▶ Activity
Transcribe only the lines from the one containing "Six students sit" through the final line of the entries below, exactly, and exclude the pictures.
*** Opening Dataset entries ***
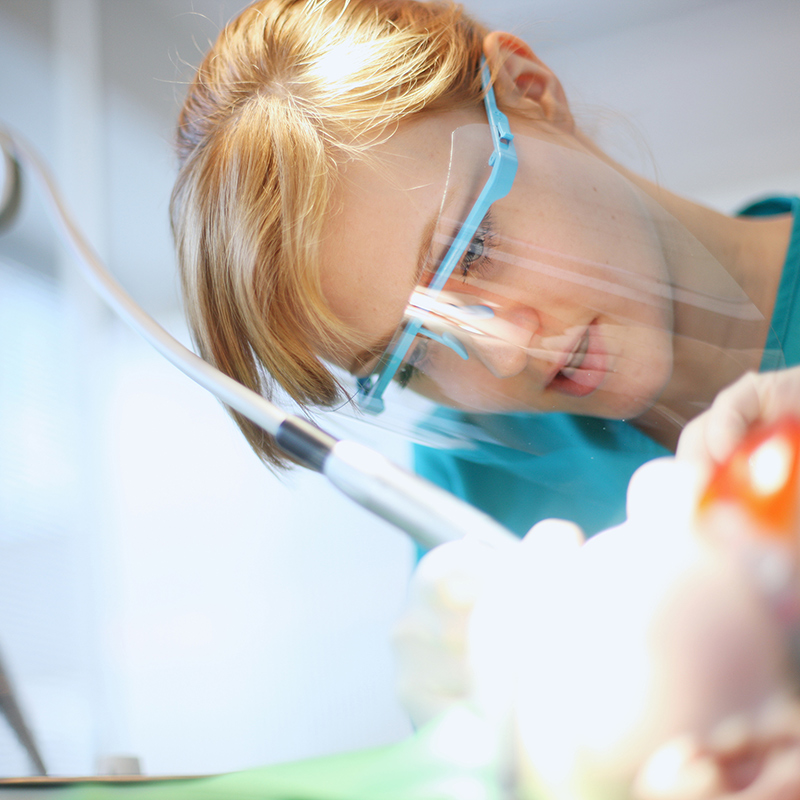 An image of a dentist performing a dental procedure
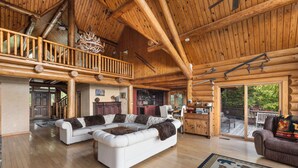 A spacious log cabin interior with a large living area, a dining area, and a kitchen.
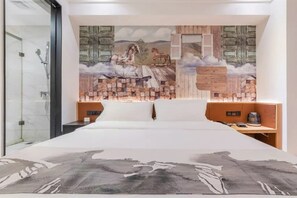 A bedroom with a large bed, a wooden headboard, a nightstand, and a wall-mounted shelf.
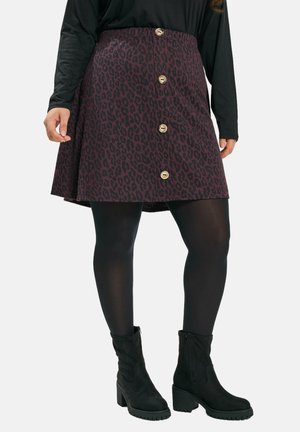 Bordeaux leopard print nederdel med en flared form, prydet med guldknapper fortil. Sammen med sorte strømpebukser og ankel støvler.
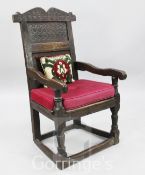 A 17th century and later oak wainscott chair, with roundel carved back and solid seat, H.3ft 5in.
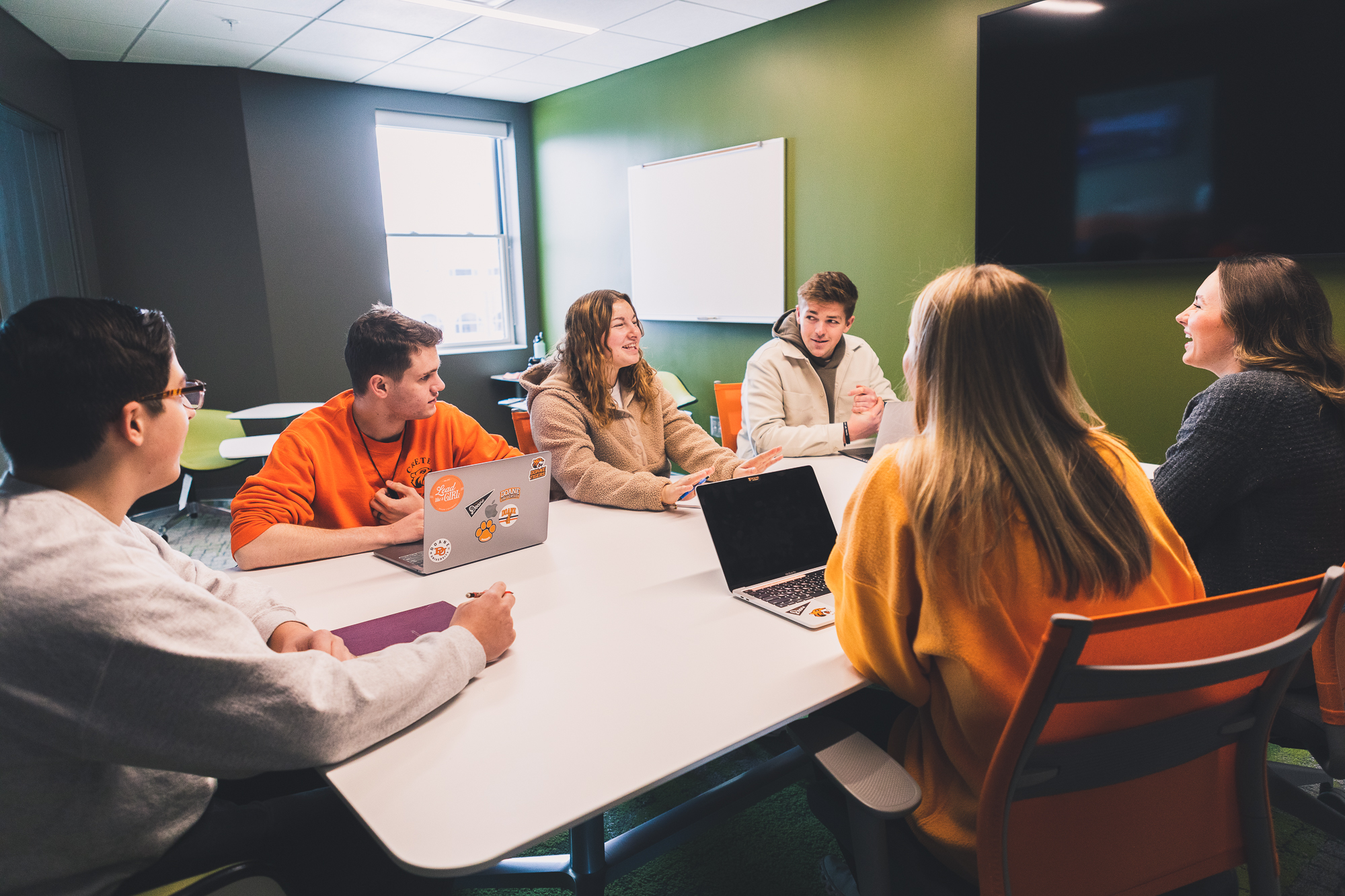 Six students sit around a white, rectangular table in a vibrant green-painted study room. Behind them are individual desks and chairs, and a window. 
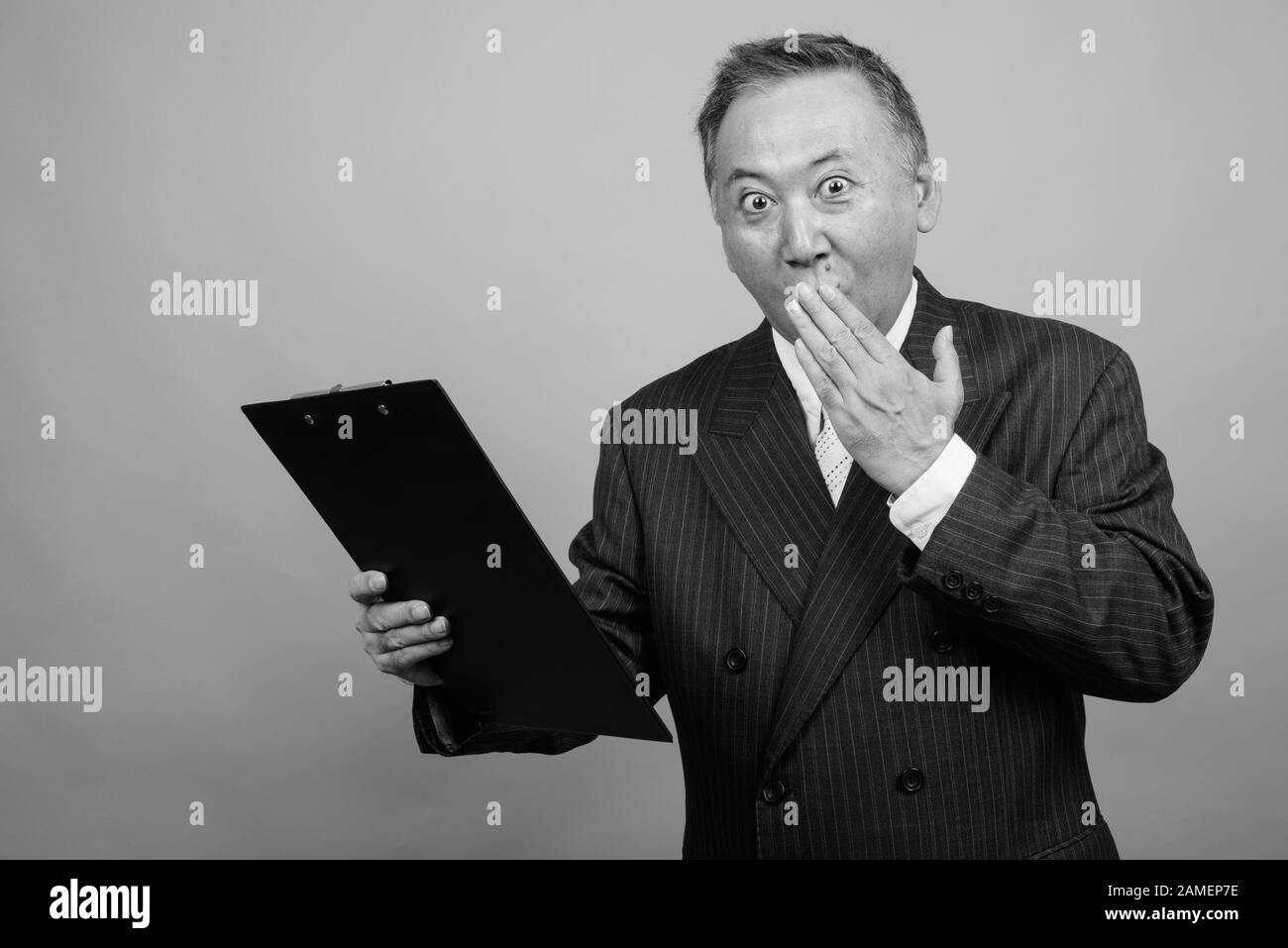Studio shot of mature Asian businessman holding clipboard against gray ...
*** Closing Dataset entries ***
▶ Exercise response
 Six students sit around a white, rectangular table in a vibrant green-painted study room. Behind them are individual desks and chairs, and a window. 
Studio shot of mature Asian businessman holding clipboard against gray ...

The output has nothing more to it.